A BID to wrest the Western Riverina’s transport infrastructure into the 21st century has attracted the interest of international investors, but the state government believes it's not worth investing in.
A proposal to rebuild the dilapidated Narrandera to Tocumwal rail line and then lay standard gauge rail from Tocumwal across Victoria through to the Port of Melbourne is backed by stakeholders throughout the Riverina.
Proponents say reduced freight costs to and from the Murrumbidgee Irrigation Area and the Murray-Goulburn Valley has the potential to rapidly pay for itself.
And they say it is desperately needed infrastructure and investment, the likes of which has not been seen since the 1800s.
The Nationals, during 2017’s Cootamundra byelection, agreed to fund a $500,000 study investigating reopening the line.
Narrandera Shire Council was named client for whom the study was to be prepared and state government funded and project managed it.
The study has been completed but for months was locked away, declared as containing “commercial-in-confidence” material and declared confidential by the state government.
Narrandera Shire Council was given a copy, but councillors and officials were told they could not release it, nor speak of its contents, and had to sign confidentiality agreements.
This region went from relying on riverboats to the train.
An executive summary was released on Monday, suggesting the benefits did not justify investing to reopen the line.
Narrandera's Mayor Neville Kschenka sighs as he walks below a viaduct more than a century old that runs across Murrumbidgee floodplains and then into the heart of the town.
"Look at it, it's still there and it was built in the 1800s, can you imagine the cost of building something like this back then?"
He said the coming of rail to the region then had transformed Riverina society virtually overnight.
"This region went from relying on riverboats to the train," he said.
The Narrandera-Tocumwal rail line was closed the year Australia celebrated its bicentenary.
The original line was built in the 1880s.
"It makes sense to reopen the line even with the demand now," said Mr Kschenka. He believes the data upon which the feasibility study is based is underestimated.
The document is based on freight shipped out of the Murrumbidgee Irrigation Area on a 28 per cent water allocation in 2018 in a region on the precipice of drought.
It fails to account for projected growth and does not factor in the production possibilities of a 78pc water allocation (the long-term average).
Nor does it accurately take into account projected savings for producers.
National Trunk Rail chairman Martin Albrecht is frank about the study, saying for $500,000 the state government could not expect a comprehensive evaluation of the proposal.
NTR is a private-sector initiative that developed an alternative route for the Inland Rail.
Well for $500,000 you could not expect a comprehensive assessment.
It spent $20 million evaluating a route through Shepparton and Narrandera.
It now wants the Narrandera-Tocumwal line reopened and largely funded, and the project led, by the private sector.

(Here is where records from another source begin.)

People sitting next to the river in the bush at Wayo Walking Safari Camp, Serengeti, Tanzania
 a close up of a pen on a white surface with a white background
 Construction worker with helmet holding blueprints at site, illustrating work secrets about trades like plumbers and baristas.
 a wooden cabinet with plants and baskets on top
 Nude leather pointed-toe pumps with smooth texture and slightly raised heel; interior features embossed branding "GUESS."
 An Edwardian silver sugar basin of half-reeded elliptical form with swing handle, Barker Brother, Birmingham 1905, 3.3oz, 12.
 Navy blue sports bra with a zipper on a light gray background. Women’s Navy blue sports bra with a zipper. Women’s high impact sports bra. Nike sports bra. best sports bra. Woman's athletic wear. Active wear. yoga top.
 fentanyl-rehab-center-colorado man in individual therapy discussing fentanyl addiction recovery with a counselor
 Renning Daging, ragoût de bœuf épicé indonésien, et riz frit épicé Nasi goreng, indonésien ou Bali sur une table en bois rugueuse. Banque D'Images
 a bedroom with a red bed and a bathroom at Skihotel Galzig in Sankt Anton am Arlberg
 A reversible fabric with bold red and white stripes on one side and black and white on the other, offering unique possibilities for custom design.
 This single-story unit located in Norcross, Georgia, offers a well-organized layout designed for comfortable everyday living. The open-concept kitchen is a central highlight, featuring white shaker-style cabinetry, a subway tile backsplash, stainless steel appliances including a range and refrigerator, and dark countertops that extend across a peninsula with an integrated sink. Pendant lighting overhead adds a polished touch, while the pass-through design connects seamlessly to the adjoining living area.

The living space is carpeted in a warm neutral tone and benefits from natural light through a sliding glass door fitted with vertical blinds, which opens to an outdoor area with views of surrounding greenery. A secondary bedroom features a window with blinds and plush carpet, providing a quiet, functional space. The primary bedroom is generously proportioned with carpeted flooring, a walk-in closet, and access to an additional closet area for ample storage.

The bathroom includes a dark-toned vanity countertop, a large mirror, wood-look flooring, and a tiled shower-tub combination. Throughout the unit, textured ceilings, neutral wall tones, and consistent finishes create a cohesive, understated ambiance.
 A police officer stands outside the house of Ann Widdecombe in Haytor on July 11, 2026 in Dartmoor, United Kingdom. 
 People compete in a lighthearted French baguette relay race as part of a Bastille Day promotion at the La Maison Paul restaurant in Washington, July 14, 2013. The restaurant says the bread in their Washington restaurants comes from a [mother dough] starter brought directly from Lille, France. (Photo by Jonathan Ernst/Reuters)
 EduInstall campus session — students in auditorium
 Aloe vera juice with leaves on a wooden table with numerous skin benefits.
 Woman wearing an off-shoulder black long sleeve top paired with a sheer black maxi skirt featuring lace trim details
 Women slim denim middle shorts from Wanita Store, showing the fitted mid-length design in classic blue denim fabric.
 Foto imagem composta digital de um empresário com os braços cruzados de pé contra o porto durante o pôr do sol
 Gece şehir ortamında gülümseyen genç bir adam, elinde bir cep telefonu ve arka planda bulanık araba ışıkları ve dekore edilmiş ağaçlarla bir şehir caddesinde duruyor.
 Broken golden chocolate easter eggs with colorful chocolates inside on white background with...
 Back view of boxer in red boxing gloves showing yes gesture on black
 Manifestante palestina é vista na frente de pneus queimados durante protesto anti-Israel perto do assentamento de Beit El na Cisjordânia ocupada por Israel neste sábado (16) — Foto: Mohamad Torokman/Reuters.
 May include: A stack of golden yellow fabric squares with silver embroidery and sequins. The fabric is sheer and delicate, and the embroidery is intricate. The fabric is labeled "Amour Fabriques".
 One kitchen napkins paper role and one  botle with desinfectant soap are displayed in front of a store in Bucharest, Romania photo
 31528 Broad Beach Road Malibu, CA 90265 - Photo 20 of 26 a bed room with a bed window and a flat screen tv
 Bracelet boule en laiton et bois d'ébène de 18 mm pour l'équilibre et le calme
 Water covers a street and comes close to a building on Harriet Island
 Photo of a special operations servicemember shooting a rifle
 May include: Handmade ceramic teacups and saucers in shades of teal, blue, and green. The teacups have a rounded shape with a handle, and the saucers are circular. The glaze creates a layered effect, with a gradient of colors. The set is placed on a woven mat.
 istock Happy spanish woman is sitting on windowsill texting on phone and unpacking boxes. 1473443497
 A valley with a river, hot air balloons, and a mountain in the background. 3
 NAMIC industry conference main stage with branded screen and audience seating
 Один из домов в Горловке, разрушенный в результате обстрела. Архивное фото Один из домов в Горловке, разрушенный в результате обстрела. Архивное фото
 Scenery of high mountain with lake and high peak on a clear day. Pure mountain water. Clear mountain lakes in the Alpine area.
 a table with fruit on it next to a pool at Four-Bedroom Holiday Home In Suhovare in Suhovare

Mr Albrecht believes an interstate rail line must be led and largely by the private sector, because governments in different states could not always commit to matching timetables. .
Having worked in private industry his entire life, he believes it would be a profitable venture for investors.
As a former chief executive and chairman of Thiess, the world's largest mining services provider, Mr Albrecht also understands how to make enormous projects work, and make money.
He believes this railway line can complement the Inland Rail project.
But he too casts doubt on the quality of the state government's report.
"Well for $500,000 you could not expect a comprehensive assessment," said Mr Albrecht.
A source close to the issue said the state government contracted the report to John Holland - the largest private rail contracting company in Australia - as lead consulting contractor, which then employed another firm, Lycopodium, as a sub-contractor to actually do the consultancy.
As the job passed from one contractor to another, everyone took their cut, said the source.
"It just reduces the amount of money spent on the job at hand."
On Tuesday with the executive summary in hand, Mr Kschenka and his deputy David Fahey took the proposed project to his council and asked that the Riverina and Murray Joint Organisation, a 11-member regional cluster of NSW councils take on advocacy for reinstatement of the line.
"This is appropriate because every member council would benefit from the project," said Mr Kschenka.